▶ GIVEN RECORDS
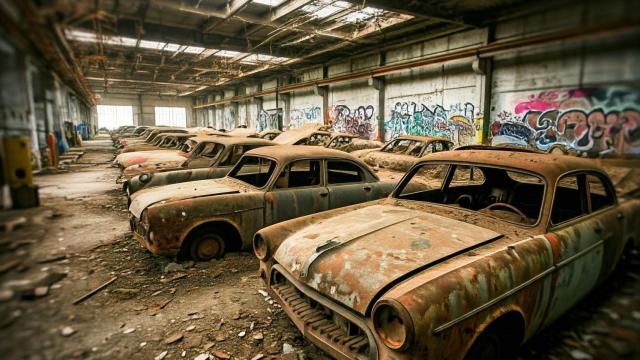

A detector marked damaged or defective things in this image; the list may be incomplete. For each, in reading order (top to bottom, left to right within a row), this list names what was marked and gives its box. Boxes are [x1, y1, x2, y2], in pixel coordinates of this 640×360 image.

abandoned car [126, 136, 274, 195]
rusty car [125, 136, 276, 195]
rusty car [328, 134, 382, 153]
abandoned car [352, 136, 452, 173]
rusty car [350, 136, 456, 173]
abandoned car [127, 145, 396, 260]
rusty car [127, 146, 396, 262]
abandoned car [252, 149, 636, 360]
rusty car [255, 148, 640, 360]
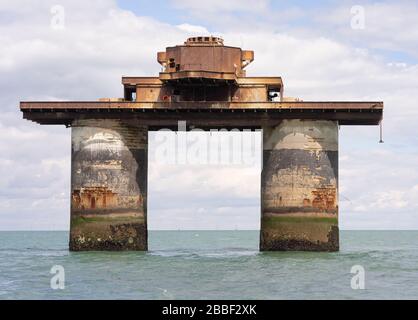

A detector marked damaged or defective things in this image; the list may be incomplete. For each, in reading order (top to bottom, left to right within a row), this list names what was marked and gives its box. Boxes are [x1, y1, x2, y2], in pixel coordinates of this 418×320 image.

rusted metal deck [21, 101, 384, 129]
rusty brown structure [21, 37, 384, 252]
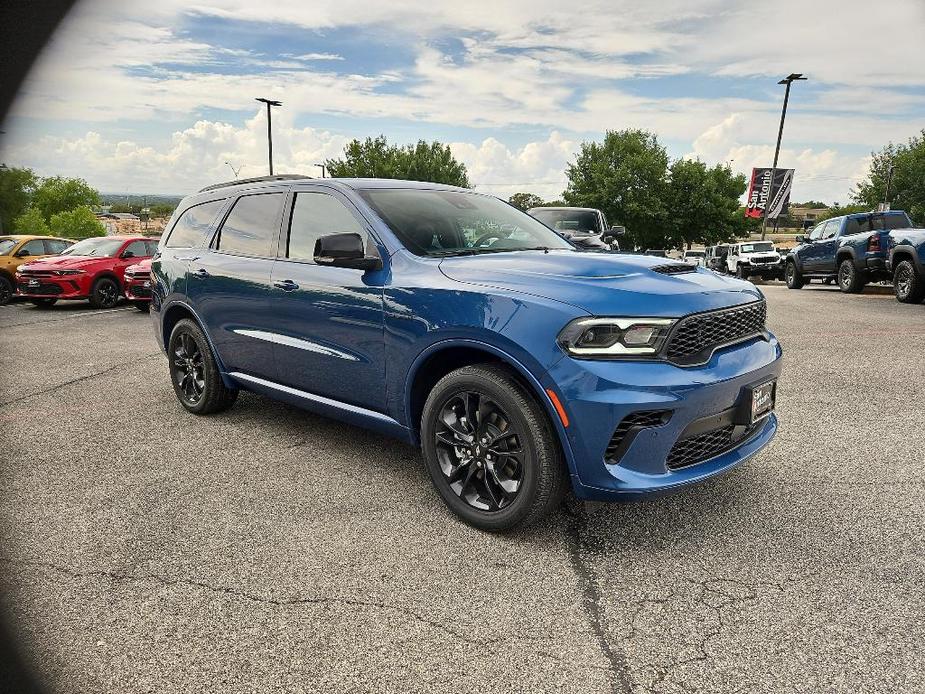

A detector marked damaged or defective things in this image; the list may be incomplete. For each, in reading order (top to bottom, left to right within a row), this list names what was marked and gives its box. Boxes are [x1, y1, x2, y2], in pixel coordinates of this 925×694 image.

cracked pavement [0, 286, 920, 692]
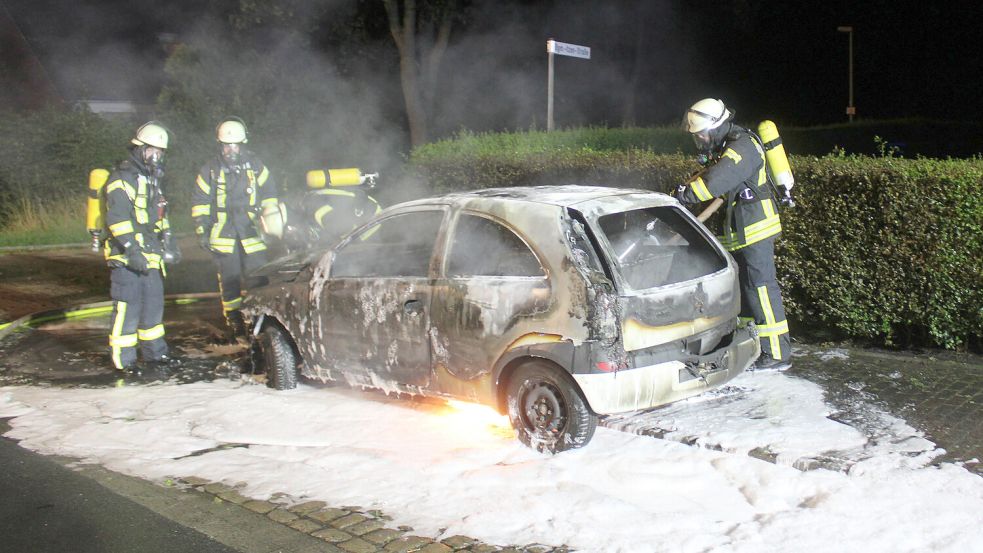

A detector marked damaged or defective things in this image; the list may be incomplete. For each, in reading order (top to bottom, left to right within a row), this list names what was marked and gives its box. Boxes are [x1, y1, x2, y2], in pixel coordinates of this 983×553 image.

charred car door [312, 208, 446, 388]
charred car door [432, 213, 548, 382]
burnt car body [244, 183, 760, 450]
burned car [244, 185, 760, 452]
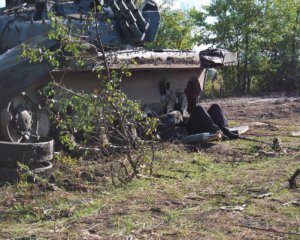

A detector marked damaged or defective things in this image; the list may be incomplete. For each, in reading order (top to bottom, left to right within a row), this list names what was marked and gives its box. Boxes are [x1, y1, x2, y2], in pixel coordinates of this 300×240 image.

destroyed military vehicle [0, 0, 237, 144]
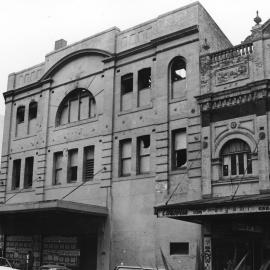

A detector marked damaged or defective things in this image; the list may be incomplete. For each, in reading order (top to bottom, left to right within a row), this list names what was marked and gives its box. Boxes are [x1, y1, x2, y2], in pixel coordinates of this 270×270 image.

burnt window opening [56, 88, 96, 126]
burnt window opening [220, 139, 252, 177]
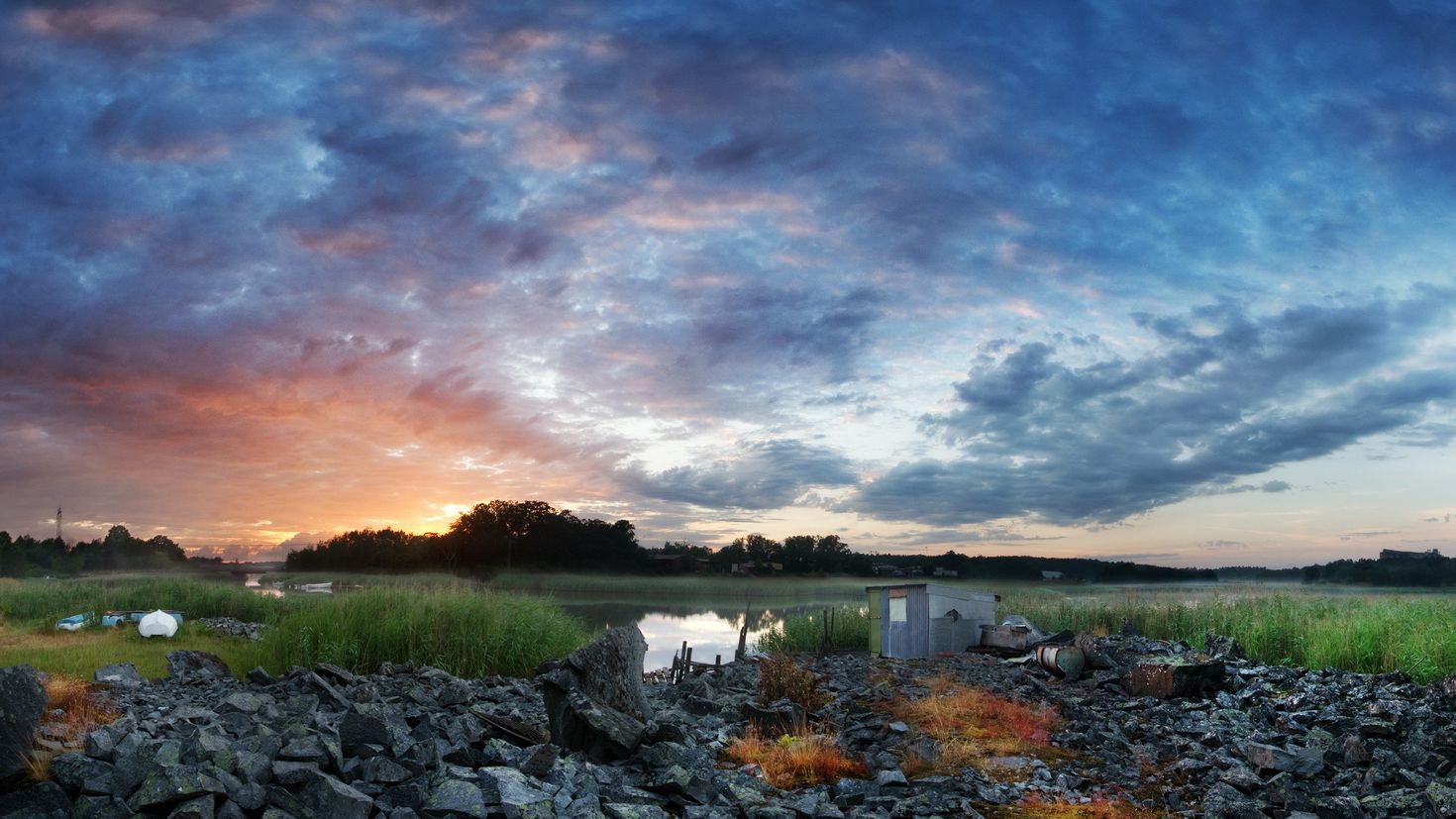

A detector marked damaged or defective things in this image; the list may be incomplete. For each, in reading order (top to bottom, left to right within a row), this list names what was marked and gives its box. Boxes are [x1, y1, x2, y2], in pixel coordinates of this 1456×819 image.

rusty barrel [1036, 643, 1083, 683]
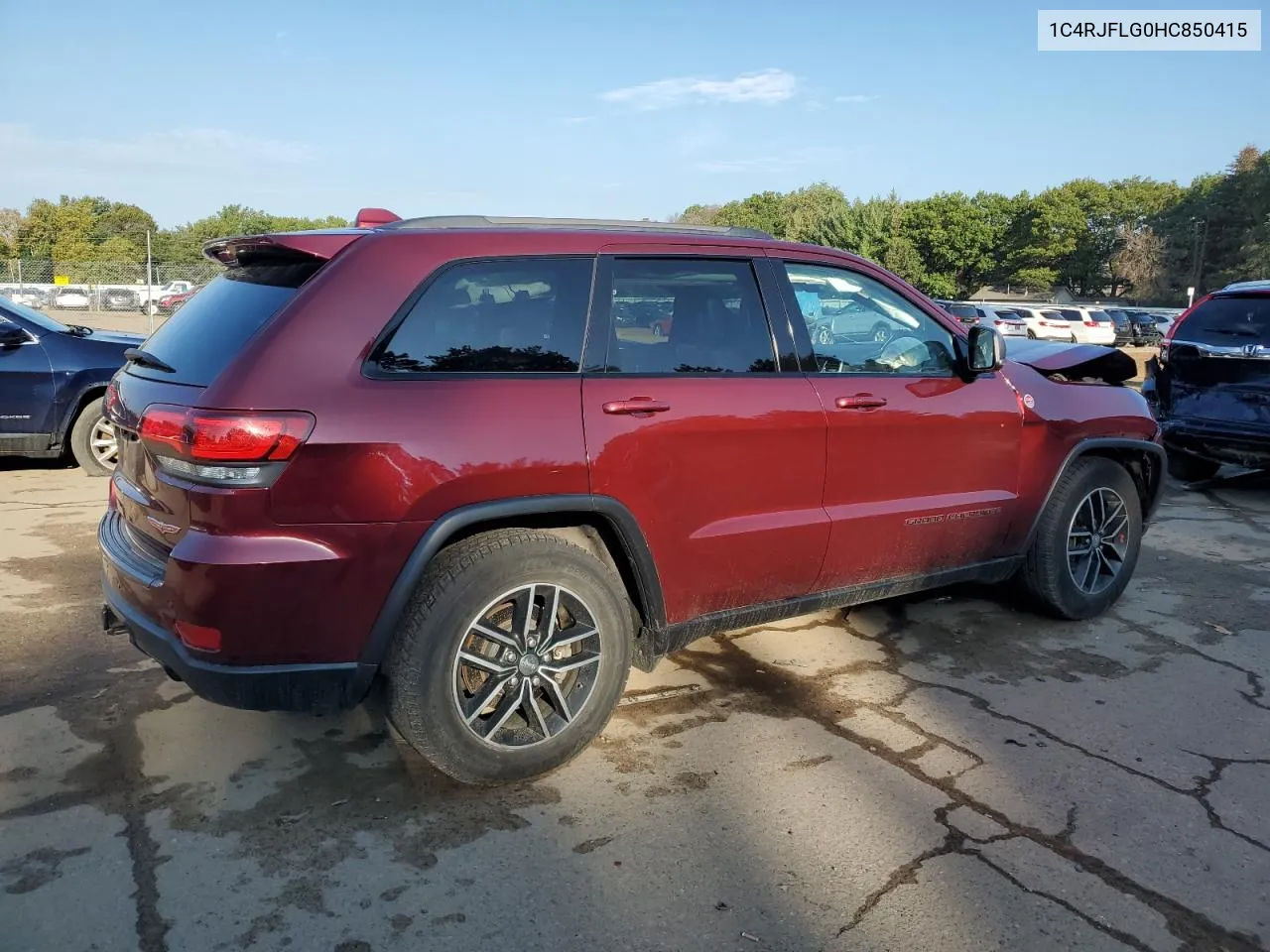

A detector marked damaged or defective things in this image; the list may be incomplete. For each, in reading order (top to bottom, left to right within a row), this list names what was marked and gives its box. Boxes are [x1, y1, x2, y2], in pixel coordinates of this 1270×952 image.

▶ TASK REQUIREMENTS
Repeat each line word for word, from the one with "this 983×553 image." down to the last line of the data, and keep the pictures out of it.

▶ RESULT
A detector marked damaged or defective things in this image; the list may be incomplete. For each, in reading order (top to bottom, left to right within a row), this list names what was marked and gives its box. Boxes are [x1, y1, x2, y2], in pixel coordinates of this 983×553 image.

charred car door [312, 208, 446, 388]
charred car door [432, 213, 548, 382]
burnt car body [244, 183, 760, 450]
burned car [244, 185, 760, 452]

A detector marked damaged or defective things in this image; the list may be incomplete. For each, in reading order (top to bottom, left to right within a row), this list names what was marked and gives its box. Boxes are [x1, y1, x2, y2], in pixel coordinates of this 300×240 image.

destroyed military vehicle [0, 0, 237, 144]

A detector marked damaged or defective things in this image; the list may be incomplete. For each, in reading order (top to bottom, left to right within a row), this list names what was marked and gives its box. Boxes are [x1, y1, x2, y2], in pixel coordinates of this 270×270 image.

burnt window opening [56, 88, 96, 126]
burnt window opening [220, 139, 252, 177]

A detector marked damaged or defective things in this image; the list may be incomplete. For each, in reading order (top to bottom, left to right within a row), this list names what was marked and gives its box. Boxes are [x1, y1, x2, y2], in pixel coordinates of this 1456×819 image.

rusty barrel [1036, 643, 1083, 683]

A detector marked damaged or defective things in this image; the list may be incomplete. For each, in reading order (top to bottom, left to right within a row), this list names what was marked and gives its box. Boxes are [x1, y1, x2, y2], in pixel coordinates of this 1270×952 image.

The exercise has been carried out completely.